Therefore
30 Days in 1 Peter - day 6
If you’ve been around church very long, you’ve probably heard a teacher or pastor say, “When you see the word ‘therefore,’ find out what it is there for.” It is a clever saying that sticks in your mind. With all of its simplicity, it also conveys an important principle.
A few days ago we talked about the indicative/imperative pattern in the New Testament. The “therefore’s” are markers – places where we should sit up and take notice that there is an important connection being made between what God has done (indicative) and what we should do (imperative).
1 Peter 1:13 is the first of these in this letter.
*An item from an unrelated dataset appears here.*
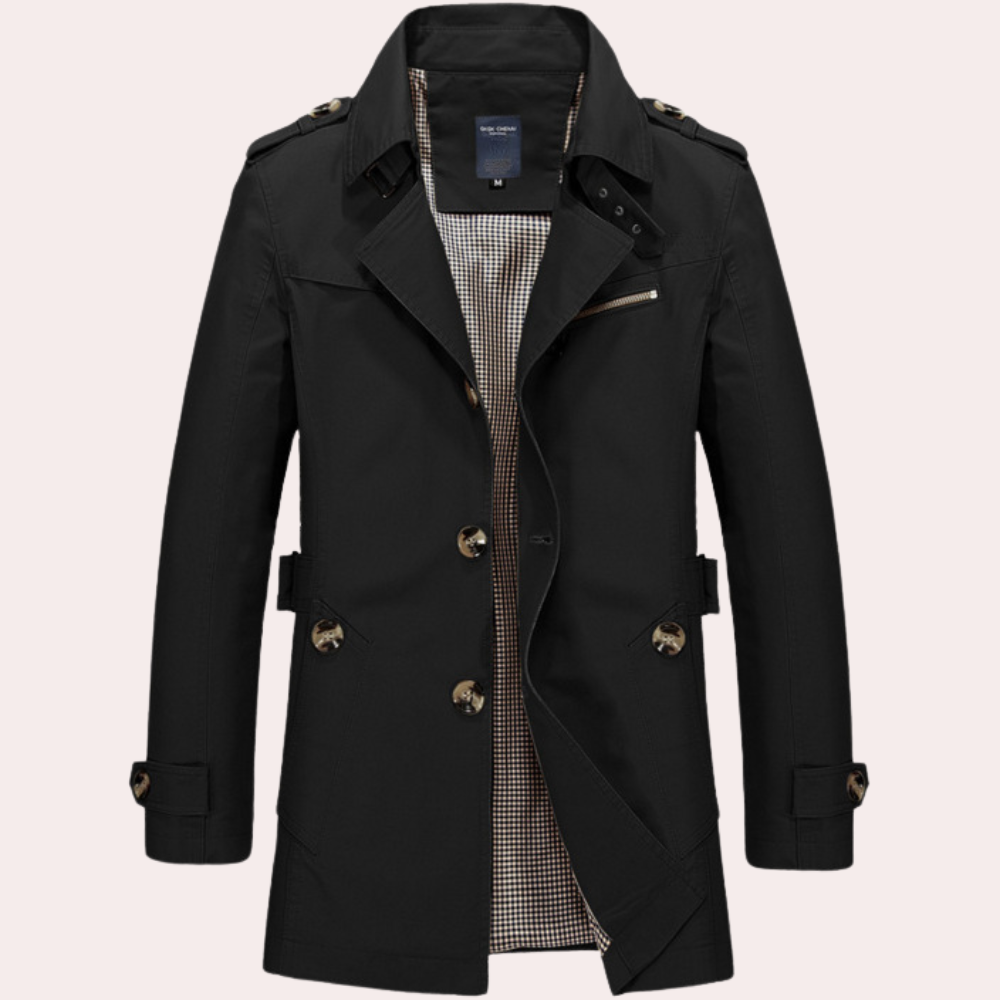 Trench respirant pour homme automne en coton à coupe élégante Maxim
That first word asks us to look back at what Peter has already said and consider how it should affect our lives going forward.
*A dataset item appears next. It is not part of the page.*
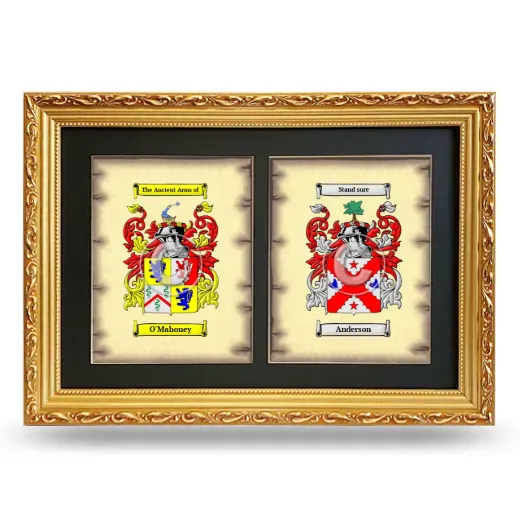 Double Coat of Arms Framed - Gold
Peter has already told us that we are elect according to God’s foreknowledge, born again by His abundant mercy, promised an eternal inheritance, and kept by the power of God. The “therefore” points back to all of that and then points forward to how we should respond to that in our present circumstance.
In this case, we should gird up our mind, be serious and clear headed about life, and rest hopefully in future grace. There is more. Peter continues. But that is a start.
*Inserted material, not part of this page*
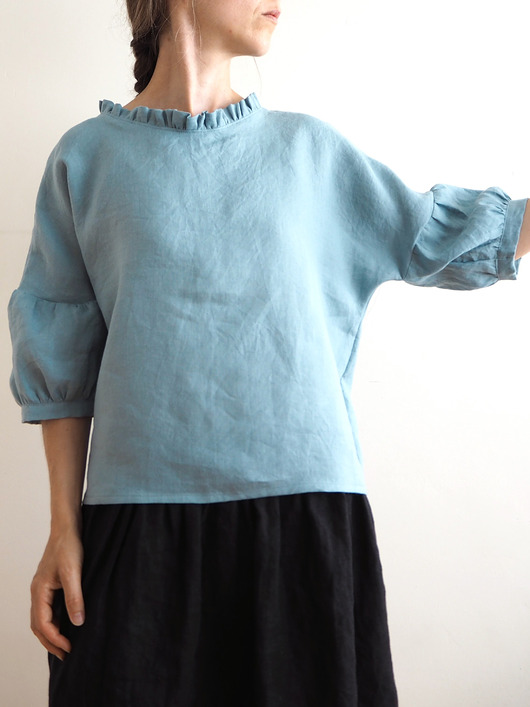 bluzki - inne Bluzka "COSMOS_x" szałwia, 100% len, S/M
The point is, the grace of the gospel should always provoke a response from us.
While it is something we enjoy and delight in, we also act because of it. Getting the order right is crucial.
We don’t do these things in order to receive grace, we do them because we have. We don’t curry God’s favor by our actions, we act because God’s favor already rests on us.
And that changes everything. When we obey from a position of acceptance, we are living as sons and daughters of God. We are not employees trying to keep a job, but children who desire to please their Father.
Our place in the family is secure. Nothing changes that. And God wants us to live out of that understanding.
That’s why the indicatives come before the imperatives.